My own family was no different.  Most of the different branches of our clan moved from the Carolinas to Texas sometime in the second half of the 19th century.  It was not one smooth movement, and there were obstacles to overcome along the way.  One such impediment was the War of Northern Aggression which found relatives scattered from Alabama to Louisiana, and on into Texas.  As the family groups trickled into Texas, they settled in the area around Brenham, Chappel Hill, Kenney, and Waller County.  As the families grew and spread, annual reunions, scheduled around the planting and harvesting of crops, were a way to keep up with how everybody was doing.

Fast forwarding to today, much of the world has changed.  For many of us, we are no longer bound to the soil, and have left behind that relative comfort & safety we once experienced when living close to kin.  We have spread, sometimes across continents, and in our high speed world, the idea of "going home" for the purpose of "catching up" and renewing relationships is foreign to us.  We connect instantly via our many electronic toys, and fail to see the need to sit down with each other.  If you don't believe this, corner a teenager and try to have a conversation.

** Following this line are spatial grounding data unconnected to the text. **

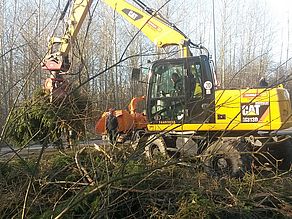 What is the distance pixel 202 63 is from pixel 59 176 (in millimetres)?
4468

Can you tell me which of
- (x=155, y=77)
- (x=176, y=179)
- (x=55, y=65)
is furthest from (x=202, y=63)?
(x=176, y=179)

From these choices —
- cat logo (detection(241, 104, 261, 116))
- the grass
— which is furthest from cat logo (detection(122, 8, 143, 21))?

This past weekend, I began the process of trying to undo the last 45 or so years I had neglected those family ties.  College, marriage, children, the army & work had all provided excuses for not being able to attend reunions.  I appeared in Brenham at Fireman's Park with my Lovely Bride in tow, with a cooler full of lemonade, pasta salad & buttermilk pie.  The turn out was light, with most present my age or older, but we were made to feel welcome, especially since we were the first actual "Haleys" to attend the Haley Reunion in many years.  Old photo albums were scrutinized, genealogy charts were reviewed and updated, and friendships begun or renewed.  A sense of excitement could be felt as plans were put in place for next year's gathering.

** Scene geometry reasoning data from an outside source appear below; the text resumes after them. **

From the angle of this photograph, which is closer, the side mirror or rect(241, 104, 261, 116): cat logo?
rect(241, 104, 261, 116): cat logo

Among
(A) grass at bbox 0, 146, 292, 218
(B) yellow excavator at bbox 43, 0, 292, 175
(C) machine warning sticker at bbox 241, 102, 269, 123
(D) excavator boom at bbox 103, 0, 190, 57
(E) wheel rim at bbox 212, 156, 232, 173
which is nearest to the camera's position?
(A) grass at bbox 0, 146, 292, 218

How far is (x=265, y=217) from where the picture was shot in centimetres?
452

Sunday morning found us driving out to the rural section of Waller County where I was born and raised.  This was a different group, with most of the attendees still living in the same region.  We were the ones driving the farthest, from our home in the Hill Country, to attend this gathering of a different branch of the family, the Bells.  It was a much more diverse group age wise than we found on Saturday.  Here were the groups of kids playing together, older relatives holding court from their lawn chairs and those in-betweeners circulating from one picnic table to the next, catching up on each other's lives.  I found cousins I went to school with back in the dark ages.  Back then, all we knew was we were related somehow.  With the assemblage of historical knowledge and a couple of books of family trees, we were able to plot out more exactly what is our kinship.

As I sat and listened to these cousins talking, I felt immediately comfortable and at home.  The conversation, whenever we weren't discussing relatives, kept going back to agriculture and their relationship with the land.  Only after listening for awhile was I struck by the difference that a couple hundred miles can make.  In Naruna, everyone has been very thankful for our wet winter and most are very happy with our water status...stock tanks are full, no wells are going dry, and the pastures are green with forage.  In Monaville, the total annual rainfall is much greater, but with corn planted and up, everybody was worried about "the drought" and how it would affect those crops which were in the ground if rain didn't come soon.  When you depend on the land for your livelihood, it's all about timing. 

I'm already making plans for next year, and my kids don't know it yet, but they are included in those plans.  I realized that this was something I missed over the years without knowing it, and enjoyed the chance to rebuild those all important connections with family.  My children have never had the opportunity to form those bonds or to even realize they have an extended family out there waiting to meet and welcome them.